Ahora me pregunto cuál es el límite de la experimentación en la poesía. Si analizamos lo que fue el siglo XX a nivel poético, veremos un mar de propuestas de ruptura que, si bien resultan atractivas como documentos históricos, no siempre sobreviven al paso de los años. La experimentación que fue la brújula vital de la poesía ahora es también un muro alto que saltar para los contemporáneos. Eso, claro, es necesario en la poesía, porque genera nuevas propuestas, aunque siempre será un salto al vacío.
Por eso, este poemario, lector, es una propuesta que busca innovar: su eficacia será qué tanto impacto genera en los que lo leemos. En mi caso, siento que el poemario pierde al no consolidar una “voz particular”: si bien la poesía es un acto de escapar de uno mismo para habitar la multiplicidad ontológica, es necesario que un poeta sepa confeccionar con nitidez cada una de sus máscaras. La máscara como metáfora de rostro: en Solagrio no hay rostro, no hay personalismo.
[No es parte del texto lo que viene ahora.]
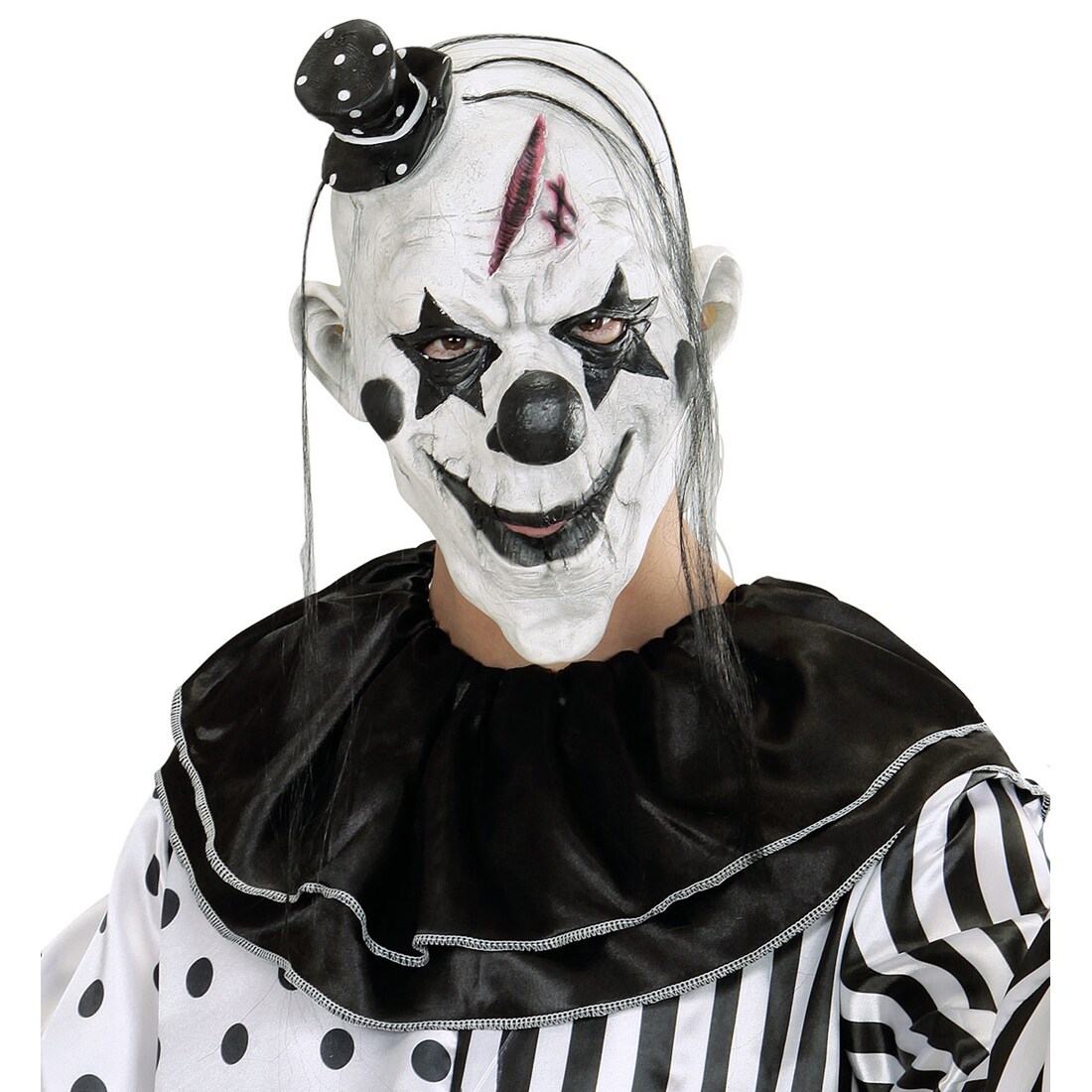 Killer Clown Maske Horror Clownsmaske mit Hut Haaren, 15,99 €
Así, sorprende encontrar un poema como el último: que destaca por ser el de mayor extensión y el que persigue una voz más singular. Aquí encontramos una estructura conductora del poema con diálogos insertados como faroles en medio del recorrido. Es decir, como en muchos poemas largos (pensemos en Piedra de Sol, de Octavio Paz, por ejemplo) la estructura textual se sujeta de subtextos que permiten expandir el formato y sujetarse a una columna vertebral mayor. La conversación revela situaciones, la problemática de un hermano, la venta de ropa en la calle, para finalizar con una tertulia sobre los barcos, los niños y el sentimiento de reconocer (otra vez) el cuerpo. Sin embargo, lejos de conseguir una voz personal, este poema regresa a los recursos anteriormente presentados para mostrarse dubitativo de un asidero concreto.
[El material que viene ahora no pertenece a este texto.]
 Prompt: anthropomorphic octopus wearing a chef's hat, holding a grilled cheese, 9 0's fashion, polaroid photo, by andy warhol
En general, yo noto que hay un poeta explorador iniciándose en este libro. Alguien que busca los primeros espejos y disolverse en la efusividad del lenguaje. Por eso, la experiencia de la poesía es ontológica: el que la escribe debe iluminar las piedras del lenguaje para soldar un instante, un grabado, una forma, un grito. Hay comprensión de la limpieza de la palabra, es decir, del tallado de la piedra, y evidente comprensión del quehacer del artista y su trabajo con el fuego, pero aún adolece de una voz determinante.
El tiempo añadirá experiencia y afinará la sustancia.